There can be multiple sources contributing to variations in cpRNFL measurements. The segmentation is highly dependent on relative image intensities, which can differ between devices, and implementation of the device-specific segmentation algorithm. Another source of variation is the location of the measurements. For example, the localization of the BMO center is essential to achieve consistent measurements. However, variation in the detection of the BMO edge, which can be difficult to see in case of PPA or a large amount of prelaminar tissue which affects signal penetration, can affect the localization of the BMO center. Head tilt can also cause variation in measurements due to a slight change in location of the TSNIT sectors by means of rotation.

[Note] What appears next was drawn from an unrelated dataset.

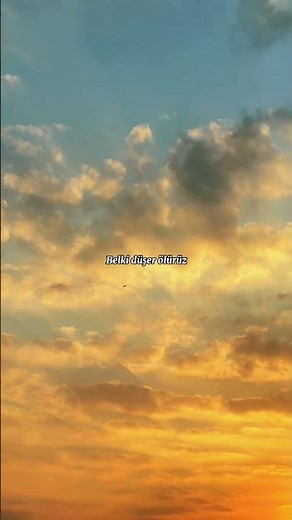 sanki devrilir gibi evimizin direği // melike şahin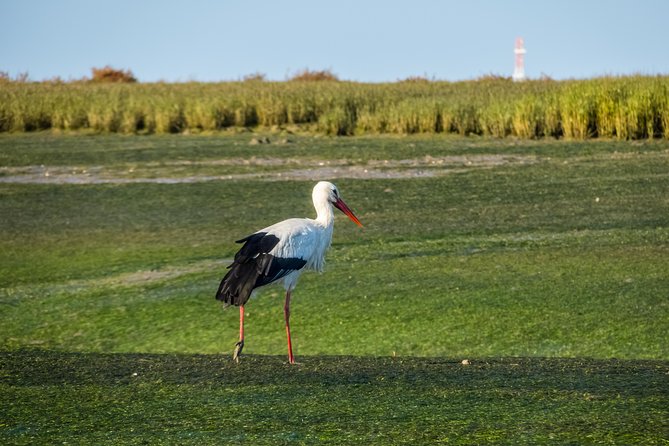 From Faro: Ria Formosa Eco Tour guided by Marine Biologist - Price and value: is $41 a fair deal for this day?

We found substantial intergrader variation for many of the labels, which indicates an inherent ambiguity in the images. By comparing the CNN to the graders and to the manufacturers’ output, we aimed to quantify the degree of variation as much as possible. We were not able to compare grader annotations directly to the manufacturers’ output, as those biomarkers are not defined on the basis of individual B-scans. Ultimately, it is very challenging to pinpoint the exact source of interdevice variation and whether an algorithm would be able to improve that.
It is possible that improving the segmentation accuracy would also decrease the interdevice variation. We found that, especially for BM, the performance differed among the devices. An improvement could be achieved by increasing the size of the training dataset or improvements in the model architecture. We selected the nnUNetv2 model architecture, as its performance has been validated on a wide variety of medical image segmentation tasks,18 showing state-of-the-art performance overall. Considering that the model performance is similar to the intergrader variation, we do not expect large improvements to be easily achieved.

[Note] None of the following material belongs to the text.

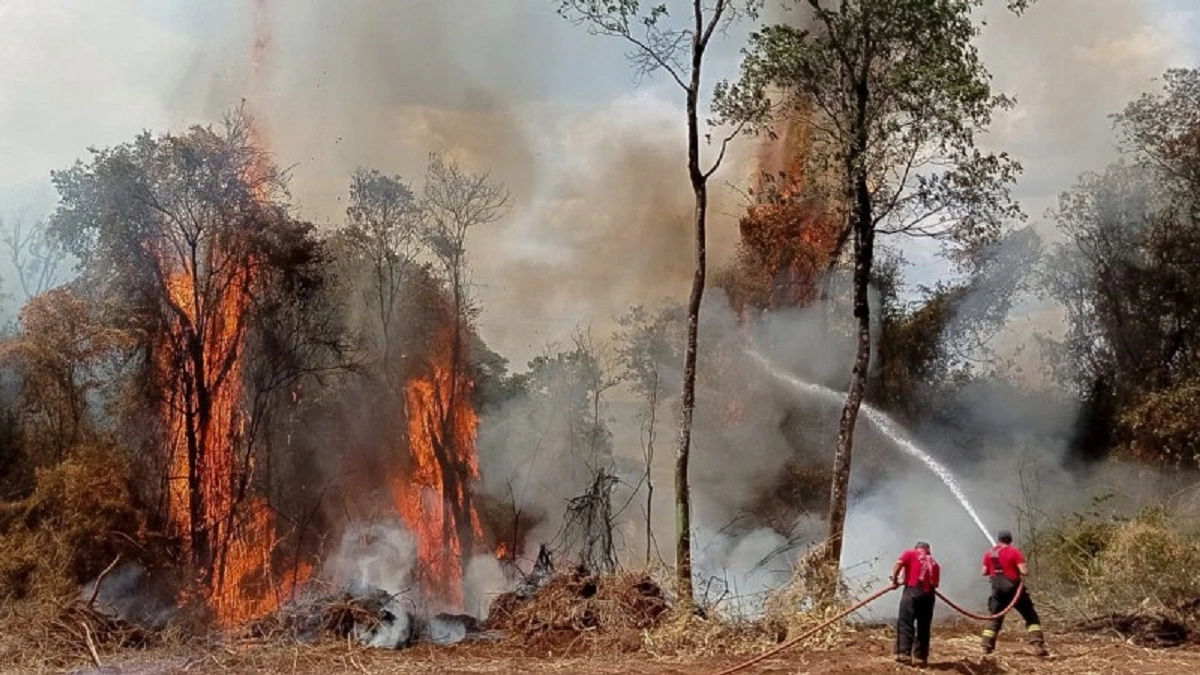 FAUNA NEWS Estado, incêndios e biodiversidade: uma reflexão sobre obrigações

Our custom feature extraction algorithm is able to harmonize the location of measurements among devices, limited only by the imaging protocol. Improvements of the algorithm may be achieved by enhancing BMO edge detection and implementing correction of head tilt by means of fovea localization, which is a feature already used in the SPECTRALIS software, but not the CIRRUS and 3D OCT-2000 devices.

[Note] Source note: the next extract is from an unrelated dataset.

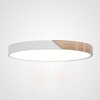 Миниатюра фото потолочный светильник imperium loft white d50 193049-26 | 220svet.ru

Structural differences between the devices in terms of cpRNFL thickness were apparent, with the CIRRUS device providing generally thinner measurements. Nevertheless, we did not find a correction factor that could reliably translate the measurements of one device to the other. Especially in the temporal superior and temporal inferior regions, where most of the RNFL tissue and vessel structures are located, differences among the devices were generally the largest. This is likely due to an increased sensitivity to precise location of the measurement, because a slight shift in location due to, for example, head tilt could make a big difference, as well as the ambiguity of the RNFL lower boundary as it intersects with large vessels.
The MRW measurements from the CNN were more consistent among devices than the cpRNFL. The ILM in the BMO region is typically highly discernible, which is not always the case with the border between the RNFL and GCL, and there is no interference of vessel boundaries in its segmentation. However, the accuracy of MRW measurements is primarily limited by the accuracy of the segmentation of BMO edges, which was the biggest source of variation for MRW measurements in our test set. Two eyes from the test set had a smaller BMO size and consequently thicker prelaminar tissue, which resulted in an obscured visibility of the BMO edges on the CIRRUS OCT volume. Similar to the cpRNFL measurements, the highest agreement in MRW measurements was observed between the 3D OCT-2000 and SPECTRALIS volumes.
The LC has been implicated in POAG pathophysiology20–23 and was therefore one of the included anatomical structures in our annotation protocol. However, the visibility of the anterior surface of the LC varied significantly across different OCT devices, and the posterior surface was generally undetectable. The radial scanning protocol with high averaging of images from the SPECTRALIS provided the best discernibility of the LC. Nonetheless, eyes with thicker prelaminar tissue or tiled discs still resulted in poor and sometimes no visibility of the LC. This severely hampered more detailed analyses of this structure with ICCs in our test set.
Although the enhanced depth imaging feature of the SPECTRALIS could potentially improve results,24 its absence in other OCT devices rendered its use impractical for the development of a universal, device-agnostic segmentation algorithm. Consequently, the LC was excluded from subsequent analyses in our study.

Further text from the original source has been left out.